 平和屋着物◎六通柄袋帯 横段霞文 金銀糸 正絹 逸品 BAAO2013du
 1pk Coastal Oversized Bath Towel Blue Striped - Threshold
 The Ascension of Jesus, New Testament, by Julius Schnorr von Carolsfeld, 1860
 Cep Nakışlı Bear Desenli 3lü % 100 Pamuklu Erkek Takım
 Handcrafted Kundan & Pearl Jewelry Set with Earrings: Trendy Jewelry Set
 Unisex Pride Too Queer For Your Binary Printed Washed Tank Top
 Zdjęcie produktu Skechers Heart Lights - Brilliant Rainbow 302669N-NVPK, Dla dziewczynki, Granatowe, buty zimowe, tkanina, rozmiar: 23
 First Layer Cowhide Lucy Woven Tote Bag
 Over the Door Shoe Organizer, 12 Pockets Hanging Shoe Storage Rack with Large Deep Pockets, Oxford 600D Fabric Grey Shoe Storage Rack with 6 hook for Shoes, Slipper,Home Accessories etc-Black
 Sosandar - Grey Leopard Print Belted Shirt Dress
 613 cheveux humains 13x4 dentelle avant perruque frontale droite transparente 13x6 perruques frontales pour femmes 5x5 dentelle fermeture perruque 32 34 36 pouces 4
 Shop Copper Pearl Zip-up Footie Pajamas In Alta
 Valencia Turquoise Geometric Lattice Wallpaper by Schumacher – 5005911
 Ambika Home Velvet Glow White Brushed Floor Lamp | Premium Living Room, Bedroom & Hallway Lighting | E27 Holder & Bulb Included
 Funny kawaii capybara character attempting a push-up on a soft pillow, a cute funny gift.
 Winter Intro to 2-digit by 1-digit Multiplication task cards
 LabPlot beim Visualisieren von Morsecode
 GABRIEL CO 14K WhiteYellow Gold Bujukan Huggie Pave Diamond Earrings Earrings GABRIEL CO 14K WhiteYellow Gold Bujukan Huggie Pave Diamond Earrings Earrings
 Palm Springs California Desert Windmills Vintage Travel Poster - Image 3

————————

§ Exercise description: Looking at the listing above, which lines hold "Earrings"? Copy every such line.

§ Final answer:
 Handcrafted Kundan & Pearl Jewelry Set with Earrings: Trendy Jewelry Set
 GABRIEL CO 14K WhiteYellow Gold Bujukan Huggie Pave Diamond Earrings Earrings GABRIEL CO 14K WhiteYellow Gold Bujukan Huggie Pave Diamond Earrings Earrings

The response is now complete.